子どもの読書週間特集(後編)石井桃子〜世界の児童文学を日本へ〜
石井桃子(1907~2008)
石井桃子は編集、翻訳、創作などの活動を通して、日本における児童文学の発展に寄与し続けた児童文学者である。日本女子大学を卒業後に編集者となり、山本有三を手伝って「日本少国民文庫」の編集に携わった。語学力を生かし、海外の児童書を翻訳。最初に翻訳したのは「熊のプーさん」だった。その後は「ピーターラビットのおはなし」、ブルーナの「うさこちゃん」シリーズ、「ちいさいおうち」など、誰もが一度は目にしたことがある児童文学を数多く翻訳し、日本に紹介した。「子どもに少しでもよい文学を」という思いから、一生を通じて300冊以上の子どもの本を世に送り出したほか、公共の児童図書館の普及に尽力した。
幼少期の経験が大事
石井は埼玉県浦和町(現在のさいたま市)の金物屋で生まれた。「ひがんではいけない」というのが家訓だった石井家で、両親の愛情に包まれてのびのび育った。幼少期には自宅の庭に植えられたさまざまな植物に触れることで感受性を育んだ。石井は後に、現在の自分はこども時代の自分に支えられているということを自覚するようになったという。
子どもたちよ
子ども時代をしっかりとたのしんでください。
おとなになってから
老人になってから
あなたを支えてくれるのは
子ども時代の「あなた」です。
石井桃子 2001年7月18日
自立した人として生きたい
石井が大学に入学した1924年当時は大学に進学する女性はごくわずかで、大学進学率は男女合わせて5%にも達していなかった。結婚して家庭に入るのが当然と考えられていた時代に、1人の人間として自立して生きたいと考えた石井は大学に進学。卒業後は出版社で編集の仕事に就いた。真面目な働きぶりが評価され、当時総理大臣だった犬養毅の書庫整理という仕事を任されていたこともあった。犬養家で出会った「熊のプーさん」(岩波書店)が、石井の初の翻訳本となった。文芸春秋社や新潮社、岩波書店など日本を代表する出版社で仕事をし、多くの児童書を世に送り出した。
子どもにとって「本当にいい本」を
「子どもの文学とはなんだろう。子どもがおもしろいものは、どんな本だろう」と考えていた石井は1954年から1年間、児童文学の本場である欧米に留学する。各地で視察する傍ら、公共の児童図書館の普及に尽力してきた人たちから、実行してきたこと、考えてきたことをつぶさに聞いた。それを通して公共の児童図書館がなかった日本に足りないものをはっきり認識することになった。

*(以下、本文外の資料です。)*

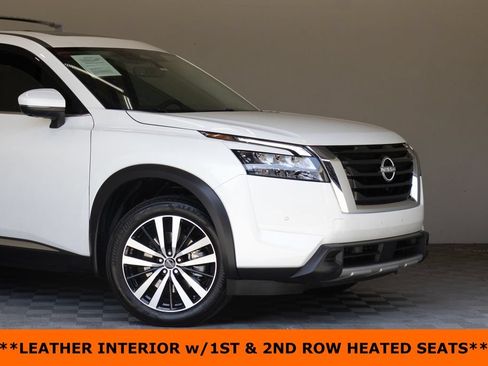 Used 2025 Nissan Pathfinder Platinum w/ Cargo Package FWD image 3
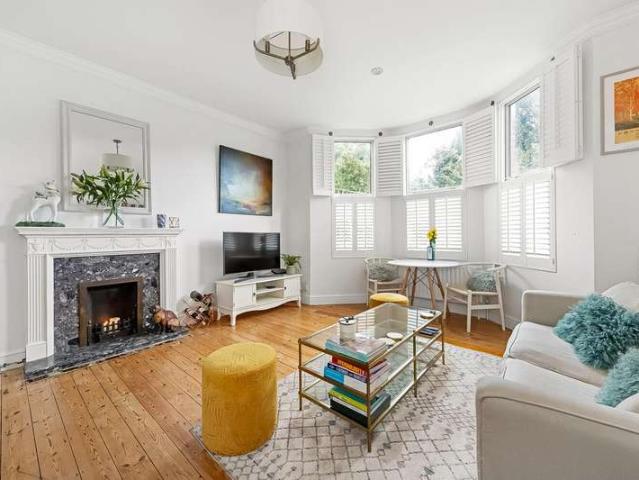 Flat for sale in Upper Sydenham, Greater London
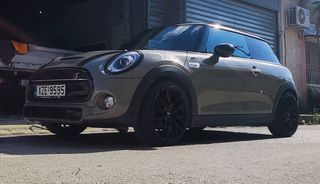 Mini Cooper S 2018-thumb-6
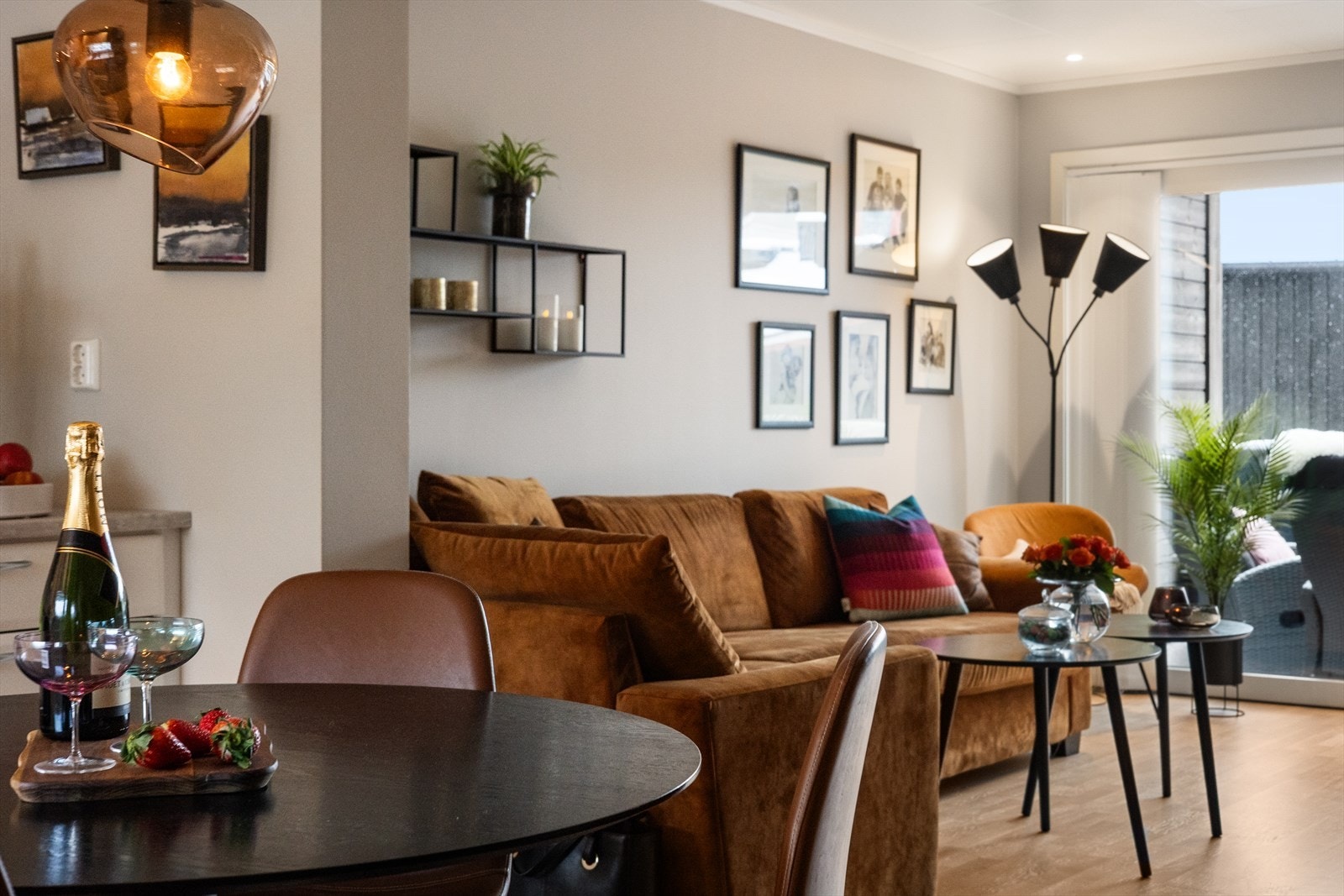 Boligen strekker seg over 3-plan. Stue og kjøkkenet er plassert i midtre del. Glatte, moderne flater med dempede farger. Galleribilde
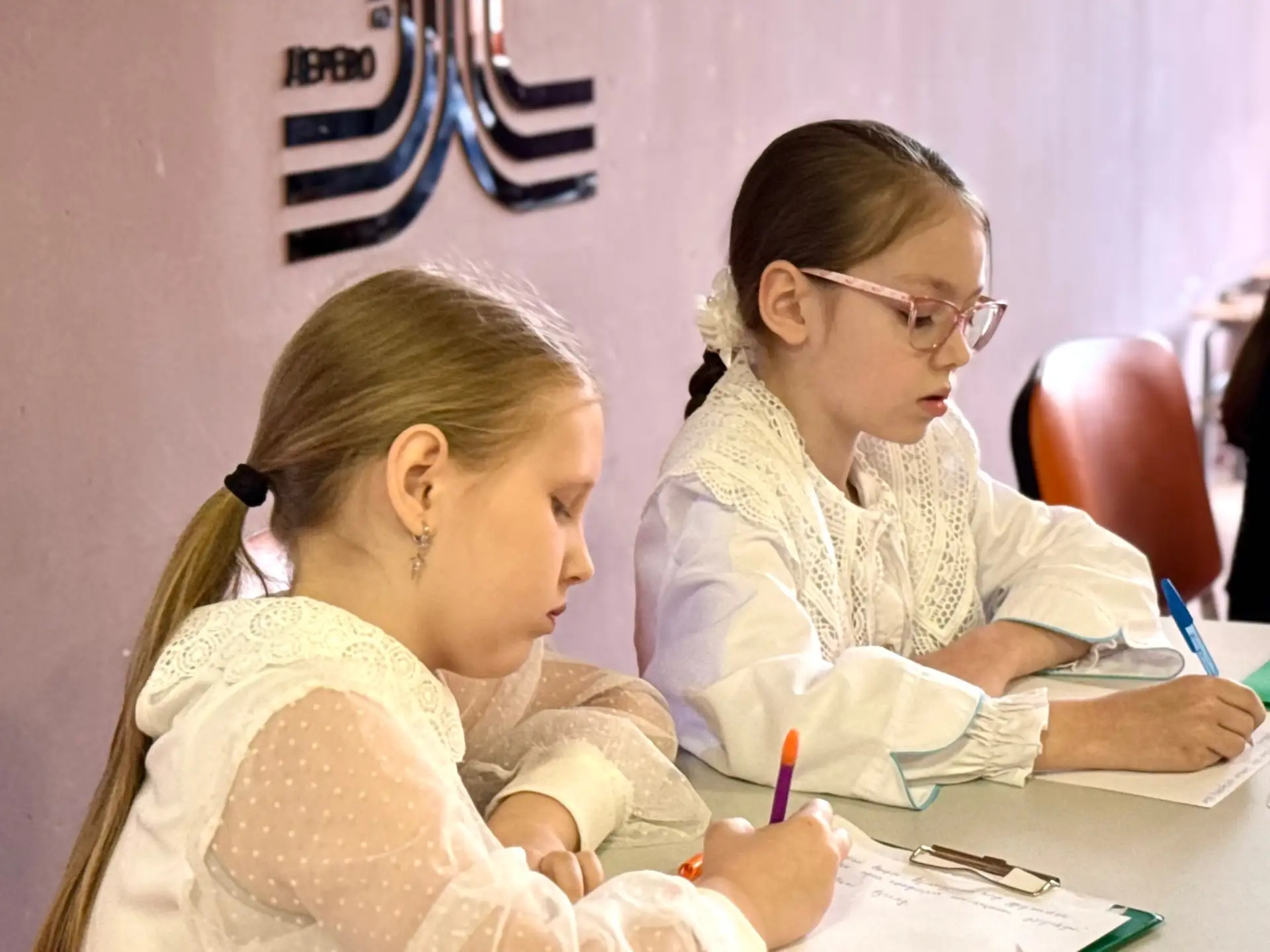 🏆 Финал «Ученик года — 2026» в «Зеленом шуме»!  В нашей школе состоялось решающее испытание главного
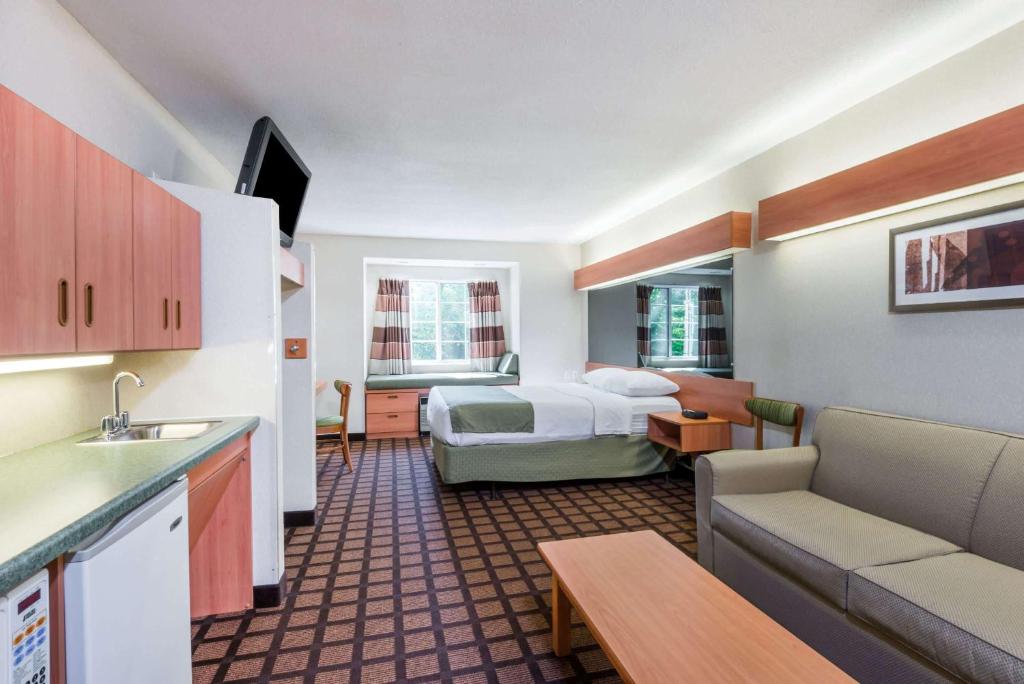 Küche&#47;Küchenzeile in der Unterkunft Microtel Inn &amp; Suites by Wyndham Uncasville Casino Area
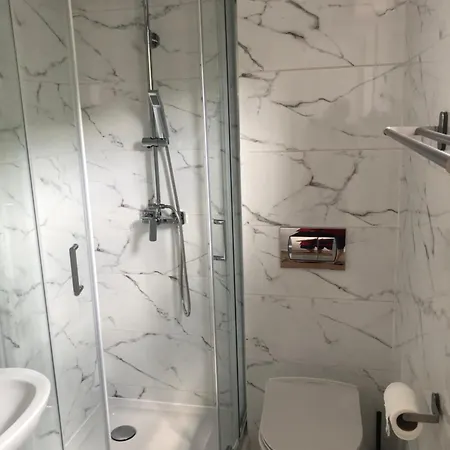 Stanica Modrak 酒店 *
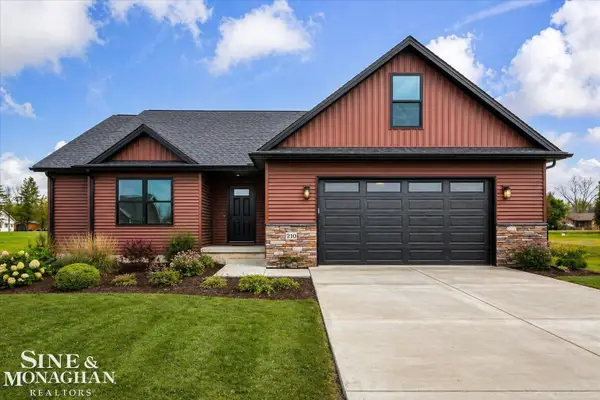 210 Oregon AVE, Marysville, MI 48040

帰国後は子どもと本についての勉強会をスタート。また、子どもにとって本当に面白い本を探るため、自宅の一室を開放した児童図書室「かつら文庫」で本の読み聞かせを始める。日当たりのよい約十畳の部屋に350冊の本を置き、土日に開放した。読み聞かせなどを通して、子どもたちがどのような本に興味があるのか観察し、適切な本を勧めることで子どもたちを新しい本の世界へ導いていった。
石井は、留学中に見たような質の高い絵本を日本の子どもたちにも読んでほしいという思いと、出版社には子どもにきちんと伝わる「お話」を出してほしいという思いを持って海外の本を紹介した。そして公共図書館の児童図書室を普及させるべく活動し、「東京子ども図書館」の開設に貢献した。生涯現役で2008年に101歳で亡くなるまでに300冊以上の児童書の翻訳、刊行を手掛けた。
東京子ども図書館では現在も、専用の「おはなしのへや」で子どもたちにお話を語ったり、絵本を読み聞かせたりしている。また大人向けの「お話の会」や、語ることを学べる「お話の講習会」も開催している。かつら文庫も毎週土曜日に開室している。今年は石井桃子生誕110年、かつら文庫60周年を記念した企画も行われる。